We are not altogether comfortable with the story of the conversion of St Paul. Indeed, we are decidedly of two minds about stories of conversion in general. On the one hand, we are very much fond of stories in which the persecutor has a change of heart, in which he is not defeated, but won over. To move from breathing threats of slaughter to having left all and followed the Way, becoming the most storied, respected, and influential witness to the Gospel — that is a story even unbelievers can appreciate. Even children not versed in the sacred Scriptures have heard the echo of Paul's conversion to Christ in the person of Dr Seuss' Grinch. It is a story we applaud, and with good reason.

We are no doubt all the more likely to find Paul's conversion hopeful in these recent and troubled times. The kind of zealot who delights to find any men or women belonging to the Way that he might bring them in bonds to Jerusalem is precisely the kind of religious believer most distasteful to us. We have seen and had enough of zeal which puts men and women in chains, which tears their very limbs apart with heartless calculation. To find someone happy to see the pain in those who belief is other than his own able, and by a short and radical turnabout, to become one of the very people he had despised — to hear this story and know it is true reminds us that, however grim the purveyors of credal and confessional violence may be, even they are not beyond the power of sovereign love to restore.

Yet, while we applaud the tale so far, its aftermath leaves the contemporary mind more than a tad disappointed. Were we to write the story, Paul would move from the position of intolerance and exclusivity rooted in violent oppression to tolerance and radical inclusion rooted in open dialogue and a solidarity grounded in diversity. However, that is not quite what we see. To be sure, the violence is gone. Whatever violence Paul comes to know in his following of Christ is only that which others inflict upon him, never what he brings upon others. Likewise, there is in the converted Paul a kind of radical inclusivity — without failing once to be a zealous lover of the Torah, Paul also becomes just as willing to identify, even to live, as a Gentile among the Gentiles. His boast is in the Cross of Christ, not the Torah, in the blood of Christ which draws the two so long apart into one, not in the Law that divides.

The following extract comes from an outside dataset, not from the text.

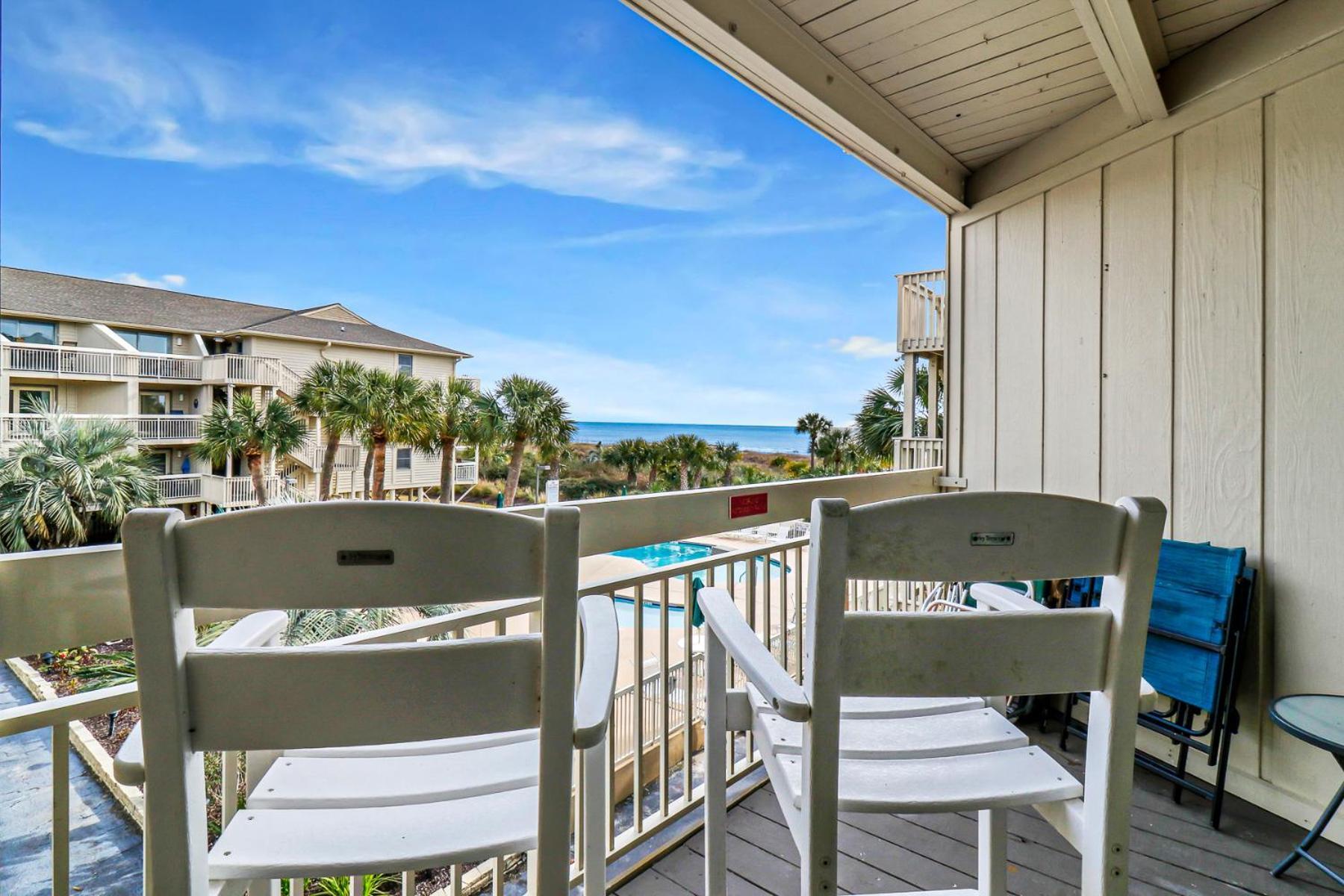 The Breakers #220 Beach Condo, Beautiful Ocean View At Coligny Beach, 4 N Forest Beach Drive Hilton Head, Walk To All Shops Restaurants, Renovated Jan 2024, Vacation Rental Hhi Llc Hilton Head Island Exterior foto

Even so, Paul's new mission as one converted is unambiguously one that seeks to convert. Paul does not merely share in his own personal encounter with Christ and declare how that encounter was true for him, exhorting others to find their own truths, their own encounters. No, Paul after his conversion is unequivocally partisan for Christ and his Gospel. The inclusion he preaches is not one that leaves others alone, free to imagine that God has a way to himself different for each people and each person, so that some may choose to come to him apart from his Incarnate Word. Rather, Paul's message is clear: Saul grew all the stronger and confounded the Jews who were living in Damascus, proving that this is the Christ.

Ultimately, the truth never excludes. We are, all of us, made to know and love the Truth. Even so, we can most certainly divide ourselves from what is true. To reject what is true, stubbornly to cling to what is wholly true as though it were the whole truth or true of the whole — this is the stance that divides. Yet, Christ is Truth, he is Truth Incarnate, and so there is no teaching so correct, no piety so laudable, no ethic so righteous that it can excuse the rejection of the Word made flesh. There are, then, many paths, many ways which lead us further and further from the Way, and whose travellers benefit not at all from their journeys. All the same, there is no path so perilous, no way so crooked, that Jesus Christ will not haste his way along it to meet his wayward sheep. That is the hope we have in the conversion of St Paul. That is the hope we have in the Way who is at once our Lord and our Friend, Jesus, who is the Christ promised from before all ages.